Barema’s en grensbedragen voor het aanslagjaar 2011 (inkomsten 2010)

In dit kaderstuk vindt u een overzicht van de barema’s en grensbedragen voor uw inkomsten van 2010, die dus van toepassing zijn op uw belastingaangifte 2011. Merk op dat de cijfers voor 2010 (uitzonderlijk) niet aangepast werden. Ze zijn dezelfde als het jaar voordien (inkomsten 2009). Voor de inkomsten van 2011 (aan te geven in 2012) zullen de bedragen opnieuw aangepast worden.

(1) Belastingvrije som: dit is de eerste schijf van uw inkomsten waarop u geen belastingen hoeft te betalen.

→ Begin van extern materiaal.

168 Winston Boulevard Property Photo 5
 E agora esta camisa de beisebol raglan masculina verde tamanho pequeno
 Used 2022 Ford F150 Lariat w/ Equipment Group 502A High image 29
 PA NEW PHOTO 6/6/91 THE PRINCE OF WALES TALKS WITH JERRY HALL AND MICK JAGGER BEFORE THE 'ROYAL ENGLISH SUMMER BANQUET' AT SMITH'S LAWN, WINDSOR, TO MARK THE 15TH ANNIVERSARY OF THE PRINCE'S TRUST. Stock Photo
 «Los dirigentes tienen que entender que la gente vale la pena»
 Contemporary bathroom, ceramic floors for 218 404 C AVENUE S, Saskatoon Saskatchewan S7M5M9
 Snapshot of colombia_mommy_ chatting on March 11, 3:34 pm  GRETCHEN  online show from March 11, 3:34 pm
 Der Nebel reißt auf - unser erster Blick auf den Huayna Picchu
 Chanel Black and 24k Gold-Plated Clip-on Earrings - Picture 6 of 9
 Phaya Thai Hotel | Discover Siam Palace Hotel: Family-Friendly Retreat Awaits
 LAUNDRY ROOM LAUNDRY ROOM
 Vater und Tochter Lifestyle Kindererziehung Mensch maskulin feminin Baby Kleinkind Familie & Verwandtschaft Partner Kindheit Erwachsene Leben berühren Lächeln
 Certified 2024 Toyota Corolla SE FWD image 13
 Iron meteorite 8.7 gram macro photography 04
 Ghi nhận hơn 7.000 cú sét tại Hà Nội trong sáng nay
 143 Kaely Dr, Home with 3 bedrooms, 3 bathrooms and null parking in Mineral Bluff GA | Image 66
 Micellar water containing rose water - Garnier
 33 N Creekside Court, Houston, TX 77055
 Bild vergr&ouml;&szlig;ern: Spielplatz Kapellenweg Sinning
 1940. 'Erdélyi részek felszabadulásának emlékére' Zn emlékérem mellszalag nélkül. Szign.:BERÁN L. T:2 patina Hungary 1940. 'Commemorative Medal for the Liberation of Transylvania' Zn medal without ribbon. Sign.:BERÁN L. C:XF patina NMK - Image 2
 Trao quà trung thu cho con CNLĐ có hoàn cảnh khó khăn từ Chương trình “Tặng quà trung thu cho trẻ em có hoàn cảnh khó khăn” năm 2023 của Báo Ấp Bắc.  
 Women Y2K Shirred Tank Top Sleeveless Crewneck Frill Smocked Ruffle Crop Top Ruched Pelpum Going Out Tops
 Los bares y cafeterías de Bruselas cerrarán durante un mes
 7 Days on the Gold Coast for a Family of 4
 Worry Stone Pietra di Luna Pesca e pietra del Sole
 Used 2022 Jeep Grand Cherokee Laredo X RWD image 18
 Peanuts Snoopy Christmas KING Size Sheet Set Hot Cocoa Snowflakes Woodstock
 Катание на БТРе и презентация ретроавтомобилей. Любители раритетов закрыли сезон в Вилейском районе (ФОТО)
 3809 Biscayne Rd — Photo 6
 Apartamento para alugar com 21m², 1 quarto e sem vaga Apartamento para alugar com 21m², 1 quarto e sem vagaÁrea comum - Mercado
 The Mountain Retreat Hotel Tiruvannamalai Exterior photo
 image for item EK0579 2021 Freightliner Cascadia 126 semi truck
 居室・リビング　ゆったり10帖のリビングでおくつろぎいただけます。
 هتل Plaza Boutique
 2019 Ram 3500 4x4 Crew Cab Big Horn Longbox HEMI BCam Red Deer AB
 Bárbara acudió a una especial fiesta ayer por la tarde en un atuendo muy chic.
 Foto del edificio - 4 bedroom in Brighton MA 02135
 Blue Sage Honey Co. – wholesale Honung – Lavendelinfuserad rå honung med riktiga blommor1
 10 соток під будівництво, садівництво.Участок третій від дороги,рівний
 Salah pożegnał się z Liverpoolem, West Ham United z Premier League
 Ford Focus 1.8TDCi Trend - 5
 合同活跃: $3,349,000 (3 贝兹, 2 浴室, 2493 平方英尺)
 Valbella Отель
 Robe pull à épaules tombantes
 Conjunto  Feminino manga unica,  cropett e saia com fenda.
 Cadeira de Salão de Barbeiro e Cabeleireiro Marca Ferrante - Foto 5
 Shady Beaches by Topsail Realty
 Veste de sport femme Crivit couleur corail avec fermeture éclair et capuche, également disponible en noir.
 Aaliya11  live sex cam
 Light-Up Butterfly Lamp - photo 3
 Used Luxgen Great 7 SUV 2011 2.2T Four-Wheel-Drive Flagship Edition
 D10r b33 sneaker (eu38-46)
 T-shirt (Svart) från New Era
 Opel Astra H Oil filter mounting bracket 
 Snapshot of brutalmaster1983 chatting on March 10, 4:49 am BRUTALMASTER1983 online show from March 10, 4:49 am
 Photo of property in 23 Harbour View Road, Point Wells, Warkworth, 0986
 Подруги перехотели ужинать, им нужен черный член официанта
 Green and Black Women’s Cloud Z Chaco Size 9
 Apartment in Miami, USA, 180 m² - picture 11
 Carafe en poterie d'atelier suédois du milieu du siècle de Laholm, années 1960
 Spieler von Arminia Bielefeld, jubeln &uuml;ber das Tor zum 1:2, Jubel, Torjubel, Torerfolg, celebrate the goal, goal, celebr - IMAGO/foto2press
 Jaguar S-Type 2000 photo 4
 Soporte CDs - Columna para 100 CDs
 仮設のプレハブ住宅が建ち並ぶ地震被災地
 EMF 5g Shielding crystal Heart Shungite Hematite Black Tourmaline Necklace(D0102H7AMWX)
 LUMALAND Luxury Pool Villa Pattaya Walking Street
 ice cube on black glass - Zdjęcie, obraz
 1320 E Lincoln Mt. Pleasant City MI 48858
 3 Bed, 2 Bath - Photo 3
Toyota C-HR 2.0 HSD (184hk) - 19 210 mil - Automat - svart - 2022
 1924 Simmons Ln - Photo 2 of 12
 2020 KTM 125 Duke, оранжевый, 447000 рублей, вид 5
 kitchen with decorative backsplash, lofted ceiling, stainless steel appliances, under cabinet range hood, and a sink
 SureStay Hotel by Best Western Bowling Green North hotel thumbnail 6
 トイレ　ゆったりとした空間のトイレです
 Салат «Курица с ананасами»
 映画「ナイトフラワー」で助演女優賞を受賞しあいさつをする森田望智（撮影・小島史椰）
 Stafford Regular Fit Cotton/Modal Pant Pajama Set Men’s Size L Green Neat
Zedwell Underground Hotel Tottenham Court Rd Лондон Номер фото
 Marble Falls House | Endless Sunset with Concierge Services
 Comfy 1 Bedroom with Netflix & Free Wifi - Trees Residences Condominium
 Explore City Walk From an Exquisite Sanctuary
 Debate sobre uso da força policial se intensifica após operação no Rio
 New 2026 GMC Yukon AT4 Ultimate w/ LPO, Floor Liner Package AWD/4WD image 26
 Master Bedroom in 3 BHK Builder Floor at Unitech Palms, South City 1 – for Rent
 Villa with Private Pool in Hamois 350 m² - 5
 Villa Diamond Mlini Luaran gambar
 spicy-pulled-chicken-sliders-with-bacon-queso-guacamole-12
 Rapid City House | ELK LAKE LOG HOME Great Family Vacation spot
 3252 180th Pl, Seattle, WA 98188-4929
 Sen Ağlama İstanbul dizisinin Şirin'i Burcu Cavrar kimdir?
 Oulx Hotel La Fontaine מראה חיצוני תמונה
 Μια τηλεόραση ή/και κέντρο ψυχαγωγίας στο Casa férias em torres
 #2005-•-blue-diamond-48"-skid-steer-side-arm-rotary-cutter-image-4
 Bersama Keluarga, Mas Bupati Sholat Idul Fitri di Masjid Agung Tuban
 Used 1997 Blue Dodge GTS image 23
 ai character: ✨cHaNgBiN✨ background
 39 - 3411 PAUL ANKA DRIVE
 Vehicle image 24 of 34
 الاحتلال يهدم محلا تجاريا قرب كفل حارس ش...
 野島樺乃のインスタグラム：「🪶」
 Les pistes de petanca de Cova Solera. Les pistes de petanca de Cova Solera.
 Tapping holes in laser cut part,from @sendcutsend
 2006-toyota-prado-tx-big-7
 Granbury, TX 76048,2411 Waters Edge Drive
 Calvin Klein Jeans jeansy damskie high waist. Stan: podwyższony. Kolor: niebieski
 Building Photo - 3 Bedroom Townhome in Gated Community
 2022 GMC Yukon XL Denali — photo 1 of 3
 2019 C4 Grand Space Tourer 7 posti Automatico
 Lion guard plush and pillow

(2) Vrij per belastingplichtige: het basisbedrag wordt verhoogd tot euro 6.690 als uw belastbaar inkomen niet meer bedraagt dan euro 23.900. Is het groter dan euro 23.900, maar kleiner dan euro 24.160, dan ligt de belastingvrije som – afhankelijk van het exacte inkomen – tussen de euro 6.430 en de euro 6.690.

(3) Personen ten laste: wie per jaar netto (na aftrek van de werkelijke of forfaitaire kosten) méér verdient dan deze bedragen, wordt fiscaal niet meer als persoon ten laste beschouwd. Tot euro 2.830 worden onderhoudsuitkeringen echter niet meegeteld, net als bezoldigingen van een studentenovereenkomst tot euro 2.360 en van pensioenen tot euro 22.770.

Barema’s en grensbedragen

Belastingtarief – Belastingschijven

25% – euro 0 – euro 7.900 (zonder rekening te houden met de belastingvrije som)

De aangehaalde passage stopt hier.